Il faudra un peu moins d'une heure pour que Cæru s'organise correctement pour son départ. Sur la carte les quelques gribouillis lui permettent de se situer et ainsi de comprendre où il est. À en juger par la distance il n'est pas très loin d'une route marchande, le meilleur moyen de trouver une ville. Le nom des villes est impossible à lire, la langue employé est peut être celle qu'il a apprise mais ce n'est pas pour autant qu'il en comprend les symboles. C'est encore trop complexe pour le peu qu'il connait.
C'est donc le cœur léger que notre félidé reprend son chemin comme si il ne s'était jamais interrompu. L'épaisse forêt laisse très vite place à des arbres plus fins, plus clairs, laissant la lumière se faufiler plus aisément à travers les feuillages. Ce n'est pas pour lui déplaire. Même si le feu était savoureux, il n'y a rien de meilleur que les rayons du soleil pour se réchauffer. Après avoir compris dans quelle direction aller il décide de ranger la précieuse carte dans sa besace pour ne pas la perdre. Ce serait bête de perdre un trésor au début de son périple. Il ne s'est pas encore fixé d'objectif précis, encore moins de destination. C'est certain qu'il trouvera un but à son voyage, il lui faut simplement un peu de temps pour en décider la finalité.

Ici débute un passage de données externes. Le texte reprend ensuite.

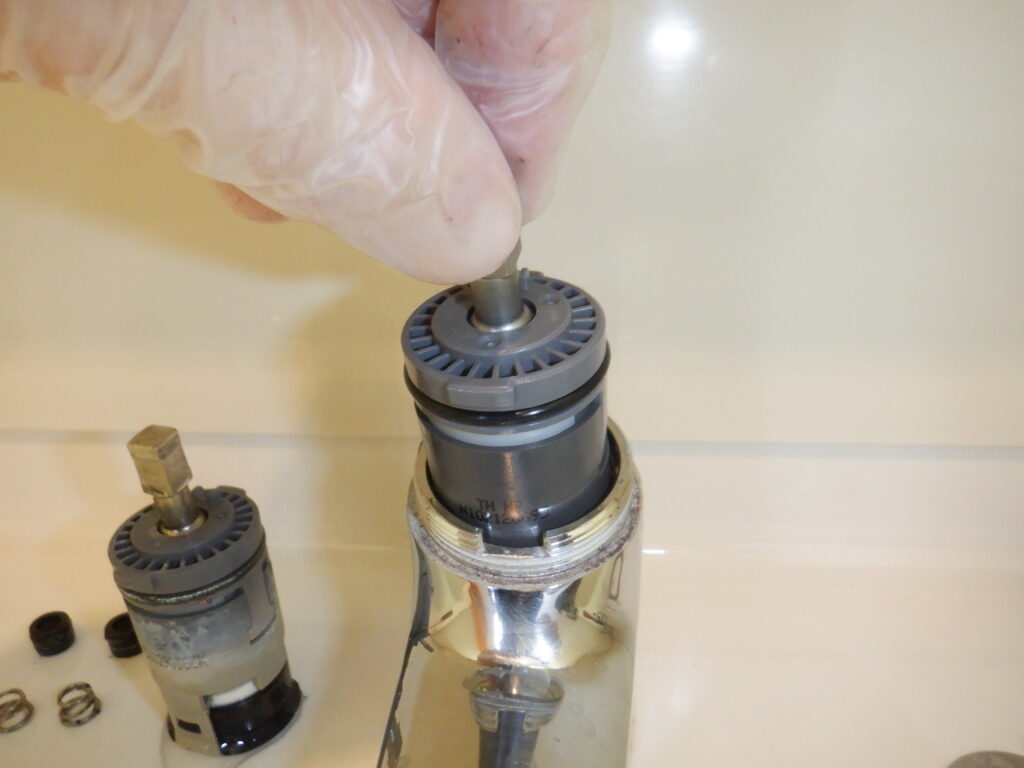 TOTO　TLF31UX　洗面ｼﾝｸﾞﾙﾚﾊﾞｰ水栓　水漏れ修理（ｶｰﾄﾘｯｼﾞ交換方法）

Soudain une légère brise le fait frissonner. Il a beau avoir un cardigan sur les épaules cette fraîcheur le surprend. D'après ses connaissances ce n'est pas encore l'arrivé de l'hiver, bien au contraire, ce n'est que le début du printemps et par conséquent, il ne devrait pas faire si frais dans la journée. Cela veut donc dire qu'il entre dans un climat différent qui n'est absolument pas indiqué sur la carte. Encore une fois c'est un élément qui l'intrigue autant que cela le fascine.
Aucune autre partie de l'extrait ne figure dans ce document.